*** Opening Source data ***
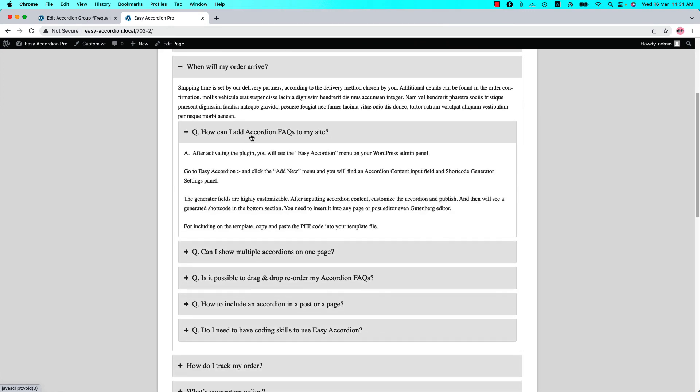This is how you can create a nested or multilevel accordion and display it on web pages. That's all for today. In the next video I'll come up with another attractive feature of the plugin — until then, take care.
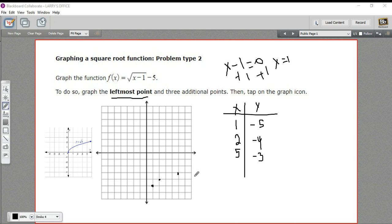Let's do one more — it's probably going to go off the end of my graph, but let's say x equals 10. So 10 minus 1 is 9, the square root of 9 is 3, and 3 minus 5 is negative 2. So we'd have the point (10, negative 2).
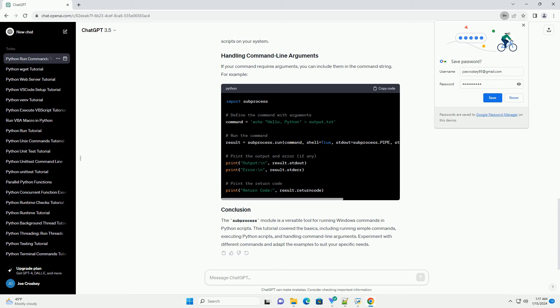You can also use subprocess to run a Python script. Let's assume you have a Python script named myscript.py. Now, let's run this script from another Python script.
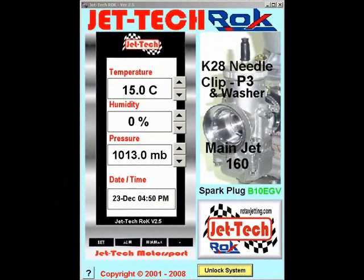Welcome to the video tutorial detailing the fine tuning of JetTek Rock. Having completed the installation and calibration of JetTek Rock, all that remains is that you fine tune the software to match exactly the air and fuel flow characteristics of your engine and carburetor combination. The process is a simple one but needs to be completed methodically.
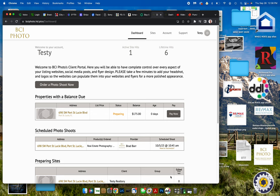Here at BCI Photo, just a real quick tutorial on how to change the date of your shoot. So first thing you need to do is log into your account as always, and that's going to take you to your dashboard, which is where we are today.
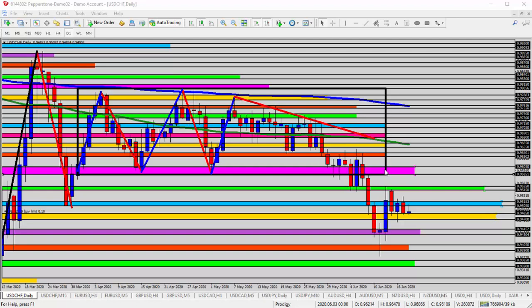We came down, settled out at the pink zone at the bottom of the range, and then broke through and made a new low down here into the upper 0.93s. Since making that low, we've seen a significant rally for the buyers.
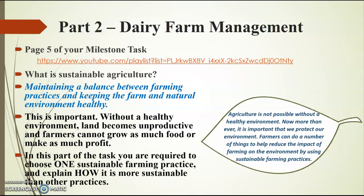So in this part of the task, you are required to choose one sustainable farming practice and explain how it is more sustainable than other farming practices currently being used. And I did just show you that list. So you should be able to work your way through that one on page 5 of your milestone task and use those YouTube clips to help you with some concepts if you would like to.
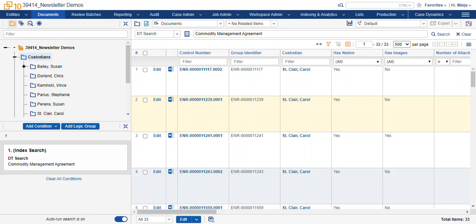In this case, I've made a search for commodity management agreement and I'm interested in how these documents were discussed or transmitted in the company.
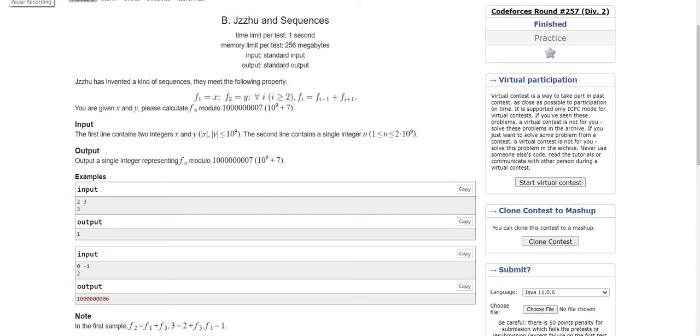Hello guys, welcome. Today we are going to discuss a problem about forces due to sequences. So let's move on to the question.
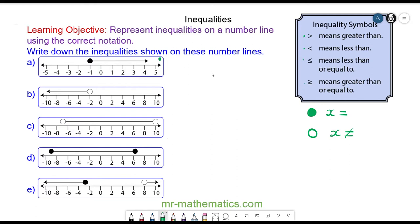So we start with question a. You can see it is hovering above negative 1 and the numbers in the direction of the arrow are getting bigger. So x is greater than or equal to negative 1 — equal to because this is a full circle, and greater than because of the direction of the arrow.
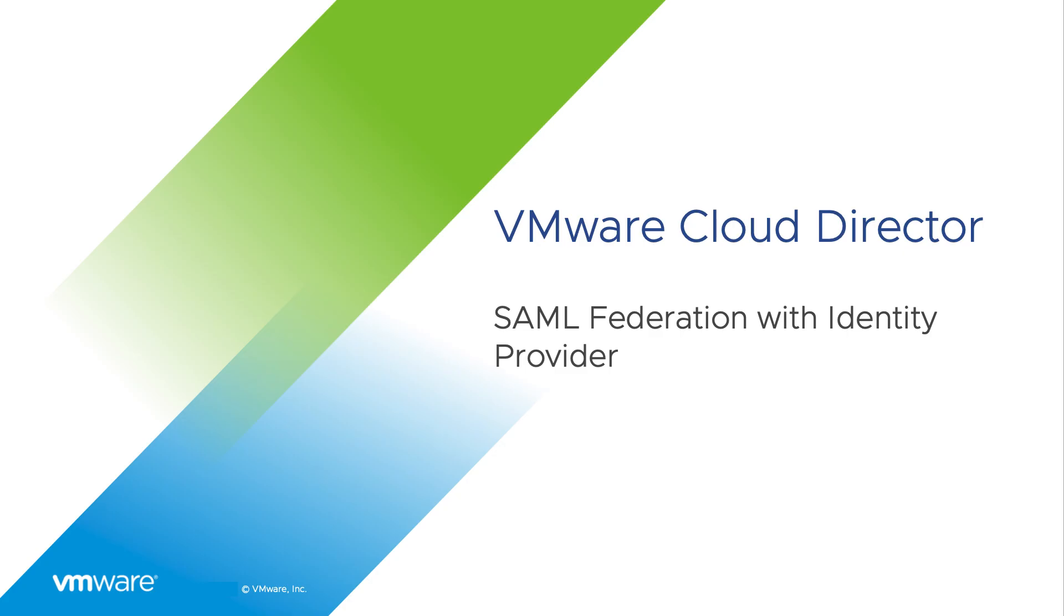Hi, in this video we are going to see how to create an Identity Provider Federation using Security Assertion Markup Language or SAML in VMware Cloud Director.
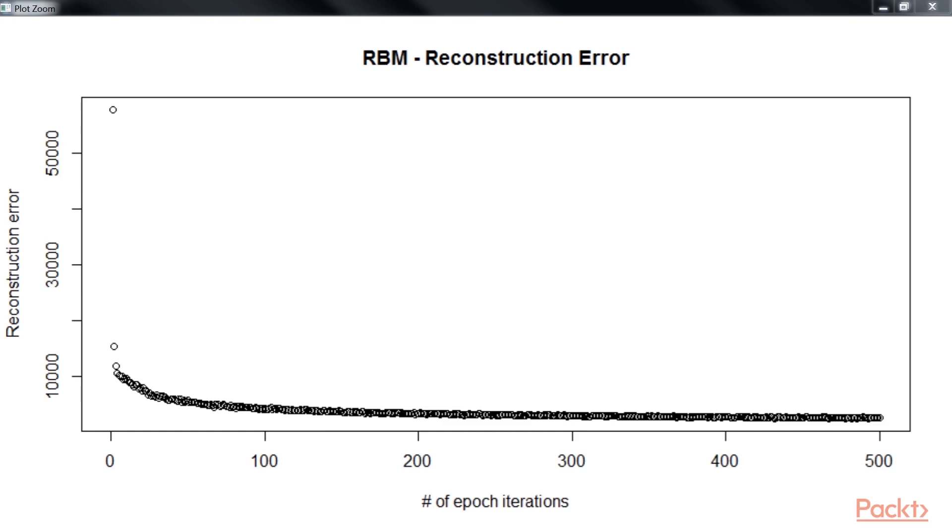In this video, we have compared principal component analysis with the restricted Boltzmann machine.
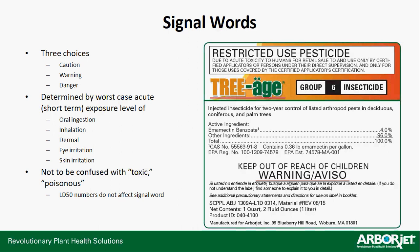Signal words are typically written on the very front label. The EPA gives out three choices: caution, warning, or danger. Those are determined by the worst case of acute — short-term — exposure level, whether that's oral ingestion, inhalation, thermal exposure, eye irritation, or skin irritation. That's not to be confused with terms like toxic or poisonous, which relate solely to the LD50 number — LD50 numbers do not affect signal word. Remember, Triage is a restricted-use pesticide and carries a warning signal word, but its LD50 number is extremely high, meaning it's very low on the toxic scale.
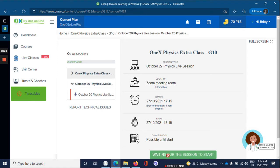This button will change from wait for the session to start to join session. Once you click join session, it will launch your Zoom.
*** Closing Source data ***
## How to complete this task:
Could you print all of the entries above exactly as written, minus the pictures?

## Exercise output:
This is how you can create a nested or multilevel accordion and display it on web pages. That's all for today. In the next video I'll come up with another attractive feature of the plugin — until then, take care.
Let's do one more — it's probably going to go off the end of my graph, but let's say x equals 10. So 10 minus 1 is 9, the square root of 9 is 3, and 3 minus 5 is negative 2. So we'd have the point (10, negative 2).
You can also use subprocess to run a Python script. Let's assume you have a Python script named myscript.py. Now, let's run this script from another Python script.
Welcome to the video tutorial detailing the fine tuning of JetTek Rock. Having completed the installation and calibration of JetTek Rock, all that remains is that you fine tune the software to match exactly the air and fuel flow characteristics of your engine and carburetor combination. The process is a simple one but needs to be completed methodically.
Here at BCI Photo, just a real quick tutorial on how to change the date of your shoot. So first thing you need to do is log into your account as always, and that's going to take you to your dashboard, which is where we are today.
We came down, settled out at the pink zone at the bottom of the range, and then broke through and made a new low down here into the upper 0.93s. Since making that low, we've seen a significant rally for the buyers.
So in this part of the task, you are required to choose one sustainable farming practice and explain how it is more sustainable than other farming practices currently being used. And I did just show you that list. So you should be able to work your way through that one on page 5 of your milestone task and use those YouTube clips to help you with some concepts if you would like to.
In this case, I've made a search for commodity management agreement and I'm interested in how these documents were discussed or transmitted in the company.
Hello guys, welcome. Today we are going to discuss a problem about forces due to sequences. So let's move on to the question.
So we start with question a. You can see it is hovering above negative 1 and the numbers in the direction of the arrow are getting bigger. So x is greater than or equal to negative 1 — equal to because this is a full circle, and greater than because of the direction of the arrow.
Hi, in this video we are going to see how to create an Identity Provider Federation using Security Assertion Markup Language or SAML in VMware Cloud Director.
In this video, we have compared principal component analysis with the restricted Boltzmann machine.
Signal words are typically written on the very front label. The EPA gives out three choices: caution, warning, or danger. Those are determined by the worst case of acute — short-term — exposure level, whether that's oral ingestion, inhalation, thermal exposure, eye irritation, or skin irritation. That's not to be confused with terms like toxic or poisonous, which relate solely to the LD50 number — LD50 numbers do not affect signal word. Remember, Triage is a restricted-use pesticide and carries a warning signal word, but its LD50 number is extremely high, meaning it's very low on the toxic scale.
This button will change from wait for the session to start to join session. Once you click join session, it will launch your Zoom.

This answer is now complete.